だからと言って、捨てましょうという話になってしまうのはどうだろう。読んでいて思ったのはその”物”というのは、この著者の”物”に対する見方は丸々”人”にも置き換えることができてしまいそうだった。
- 人と付き合っていると、その人のことが頭をよぎってしまう
- 多くの人と付き合っていると、それだけ頭の中にノイズが走る
- 人付き合いをやめよう
自分はこんな人と付き合っているんだぜ、と、周りに見せつけるための人脈。自分はどういう人たちと付き合うようなレベルの人間なんだぜと自分で思うための人付き合い。そんな付き合いを繰り返している人もいるし、自分にそんな気持ちがほんの少しもないって言いきることも難しい。それに対して、自分に対して「そんな出会いや付き合いから生まれる何かもある」っていいわけしているのかもしれない。
もちろん、本書の中にはそんなことは書いていない。”物”に関しても本当に必要なのか厳選して考えようって話なので”人付き合いも人をちゃんと選べよ”ってことなのだろう。
ただ、そこまで言ってしまうと、悩み相談をしている著者の考えとはちょっと合わないような気もする。

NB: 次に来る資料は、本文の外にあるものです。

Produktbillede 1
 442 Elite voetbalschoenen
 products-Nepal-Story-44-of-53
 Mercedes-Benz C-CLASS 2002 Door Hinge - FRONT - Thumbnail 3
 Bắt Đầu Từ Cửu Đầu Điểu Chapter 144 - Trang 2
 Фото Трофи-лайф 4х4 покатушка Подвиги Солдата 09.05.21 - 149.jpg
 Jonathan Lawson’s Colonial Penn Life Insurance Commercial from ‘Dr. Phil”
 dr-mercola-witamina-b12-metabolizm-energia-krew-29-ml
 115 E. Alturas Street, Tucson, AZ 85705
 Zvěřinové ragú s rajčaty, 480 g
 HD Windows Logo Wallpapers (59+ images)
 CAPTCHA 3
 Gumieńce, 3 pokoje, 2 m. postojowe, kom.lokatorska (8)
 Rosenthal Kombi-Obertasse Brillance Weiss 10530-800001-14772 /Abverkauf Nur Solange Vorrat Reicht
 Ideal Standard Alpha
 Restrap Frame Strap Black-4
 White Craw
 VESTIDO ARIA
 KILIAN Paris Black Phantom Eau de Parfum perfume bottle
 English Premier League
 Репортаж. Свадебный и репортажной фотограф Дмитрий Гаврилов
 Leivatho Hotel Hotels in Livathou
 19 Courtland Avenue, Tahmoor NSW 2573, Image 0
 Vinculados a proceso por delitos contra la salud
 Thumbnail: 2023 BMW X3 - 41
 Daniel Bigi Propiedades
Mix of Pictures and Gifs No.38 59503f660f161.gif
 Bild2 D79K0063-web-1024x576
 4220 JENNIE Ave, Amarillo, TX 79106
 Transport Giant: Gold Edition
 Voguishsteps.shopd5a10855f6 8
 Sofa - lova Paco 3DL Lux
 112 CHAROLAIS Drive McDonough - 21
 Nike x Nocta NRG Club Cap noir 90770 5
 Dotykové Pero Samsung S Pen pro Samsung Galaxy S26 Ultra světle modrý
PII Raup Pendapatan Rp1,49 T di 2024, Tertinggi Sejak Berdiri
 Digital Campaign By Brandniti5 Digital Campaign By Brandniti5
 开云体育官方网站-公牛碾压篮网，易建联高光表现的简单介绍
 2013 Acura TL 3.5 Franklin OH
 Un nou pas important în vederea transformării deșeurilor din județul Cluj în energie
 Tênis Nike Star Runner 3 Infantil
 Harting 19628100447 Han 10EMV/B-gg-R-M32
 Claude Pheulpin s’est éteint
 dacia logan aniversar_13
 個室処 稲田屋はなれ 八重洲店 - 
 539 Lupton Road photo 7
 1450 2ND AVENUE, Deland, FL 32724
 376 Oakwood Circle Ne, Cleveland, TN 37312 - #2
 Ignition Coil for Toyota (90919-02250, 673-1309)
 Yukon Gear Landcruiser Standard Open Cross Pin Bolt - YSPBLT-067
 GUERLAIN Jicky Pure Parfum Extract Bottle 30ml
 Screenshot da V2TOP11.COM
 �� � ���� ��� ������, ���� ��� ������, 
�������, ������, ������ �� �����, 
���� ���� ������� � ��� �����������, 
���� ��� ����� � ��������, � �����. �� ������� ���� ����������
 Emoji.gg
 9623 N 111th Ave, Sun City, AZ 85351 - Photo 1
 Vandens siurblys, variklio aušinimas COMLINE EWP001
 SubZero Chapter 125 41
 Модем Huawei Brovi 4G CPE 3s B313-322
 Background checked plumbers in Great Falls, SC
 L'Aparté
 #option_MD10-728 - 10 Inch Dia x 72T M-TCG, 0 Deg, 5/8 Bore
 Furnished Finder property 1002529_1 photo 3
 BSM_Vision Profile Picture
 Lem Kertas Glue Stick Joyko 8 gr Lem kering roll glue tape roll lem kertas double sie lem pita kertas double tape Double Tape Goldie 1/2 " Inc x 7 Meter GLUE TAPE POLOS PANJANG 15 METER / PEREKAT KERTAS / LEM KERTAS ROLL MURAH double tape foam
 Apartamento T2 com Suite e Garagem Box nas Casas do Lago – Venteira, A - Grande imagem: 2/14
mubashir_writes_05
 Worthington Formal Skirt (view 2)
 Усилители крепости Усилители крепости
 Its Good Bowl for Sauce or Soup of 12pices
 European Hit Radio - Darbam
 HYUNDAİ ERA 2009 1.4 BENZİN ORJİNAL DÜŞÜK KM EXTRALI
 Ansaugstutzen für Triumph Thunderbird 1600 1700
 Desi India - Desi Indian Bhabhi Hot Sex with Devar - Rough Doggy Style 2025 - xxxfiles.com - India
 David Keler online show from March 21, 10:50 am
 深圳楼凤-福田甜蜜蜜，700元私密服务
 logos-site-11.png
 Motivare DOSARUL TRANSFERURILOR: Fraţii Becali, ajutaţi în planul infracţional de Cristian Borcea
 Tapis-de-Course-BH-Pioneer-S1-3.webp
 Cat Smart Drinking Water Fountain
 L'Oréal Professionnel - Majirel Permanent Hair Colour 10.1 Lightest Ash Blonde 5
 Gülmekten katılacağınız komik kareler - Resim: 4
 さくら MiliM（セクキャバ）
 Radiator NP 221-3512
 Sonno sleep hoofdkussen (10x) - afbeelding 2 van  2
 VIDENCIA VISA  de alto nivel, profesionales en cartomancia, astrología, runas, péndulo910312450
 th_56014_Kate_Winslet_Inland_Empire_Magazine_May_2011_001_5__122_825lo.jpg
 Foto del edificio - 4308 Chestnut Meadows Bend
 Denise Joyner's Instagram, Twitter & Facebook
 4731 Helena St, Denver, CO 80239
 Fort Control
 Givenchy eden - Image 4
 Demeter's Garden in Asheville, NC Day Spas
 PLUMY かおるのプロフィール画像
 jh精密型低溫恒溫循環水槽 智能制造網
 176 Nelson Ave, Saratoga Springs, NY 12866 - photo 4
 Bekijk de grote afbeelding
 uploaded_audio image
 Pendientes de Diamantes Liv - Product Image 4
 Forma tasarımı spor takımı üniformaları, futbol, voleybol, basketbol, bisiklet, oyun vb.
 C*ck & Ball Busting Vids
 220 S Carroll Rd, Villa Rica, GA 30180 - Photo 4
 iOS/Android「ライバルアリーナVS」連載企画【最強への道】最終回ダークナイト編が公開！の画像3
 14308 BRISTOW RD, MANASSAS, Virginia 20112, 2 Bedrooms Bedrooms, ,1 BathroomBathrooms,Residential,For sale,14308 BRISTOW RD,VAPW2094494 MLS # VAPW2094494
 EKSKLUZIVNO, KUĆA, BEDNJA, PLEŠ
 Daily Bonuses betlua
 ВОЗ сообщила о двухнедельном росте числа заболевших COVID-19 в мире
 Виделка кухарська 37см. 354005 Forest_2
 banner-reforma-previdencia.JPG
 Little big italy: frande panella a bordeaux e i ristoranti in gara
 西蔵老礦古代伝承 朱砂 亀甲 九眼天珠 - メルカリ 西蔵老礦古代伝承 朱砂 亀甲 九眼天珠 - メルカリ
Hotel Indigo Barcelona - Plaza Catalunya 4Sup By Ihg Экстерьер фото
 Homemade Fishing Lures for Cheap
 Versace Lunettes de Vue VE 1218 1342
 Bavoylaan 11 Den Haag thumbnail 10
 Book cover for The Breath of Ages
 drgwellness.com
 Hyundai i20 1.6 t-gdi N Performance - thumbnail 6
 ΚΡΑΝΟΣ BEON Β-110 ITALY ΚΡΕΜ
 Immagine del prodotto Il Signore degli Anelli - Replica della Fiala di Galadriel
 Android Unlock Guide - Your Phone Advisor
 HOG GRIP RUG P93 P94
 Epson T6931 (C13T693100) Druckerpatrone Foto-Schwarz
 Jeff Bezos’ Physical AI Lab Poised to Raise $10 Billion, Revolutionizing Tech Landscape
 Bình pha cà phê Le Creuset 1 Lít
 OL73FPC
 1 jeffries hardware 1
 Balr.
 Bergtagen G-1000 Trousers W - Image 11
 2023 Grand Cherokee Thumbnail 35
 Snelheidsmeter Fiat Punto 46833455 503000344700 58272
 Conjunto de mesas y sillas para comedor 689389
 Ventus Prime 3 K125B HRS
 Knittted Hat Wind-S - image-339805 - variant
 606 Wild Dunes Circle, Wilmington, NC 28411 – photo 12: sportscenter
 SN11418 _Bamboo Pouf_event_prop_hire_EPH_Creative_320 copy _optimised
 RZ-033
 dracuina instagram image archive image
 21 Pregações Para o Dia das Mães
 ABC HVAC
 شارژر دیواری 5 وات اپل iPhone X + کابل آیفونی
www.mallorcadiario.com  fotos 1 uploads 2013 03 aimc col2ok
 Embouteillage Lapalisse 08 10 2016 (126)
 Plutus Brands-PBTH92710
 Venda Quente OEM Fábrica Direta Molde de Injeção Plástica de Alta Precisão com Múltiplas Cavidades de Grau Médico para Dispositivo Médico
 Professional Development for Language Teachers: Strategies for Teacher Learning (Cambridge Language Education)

いくつかの気づきはあるものの、”欲望(願望)こそが成長を促すのでは?”という疑問に関しては答えは出ずに、”本当のところどうなのかな~?”って思いが残った。
さてはて。困ったな。
欲を捨て去るなんてことは自分には難しいと思うし、それでいいとも思っている。
もちろん、欲に自分自身が動かされるような事態だけは避けないといけないとは思ってはいるが。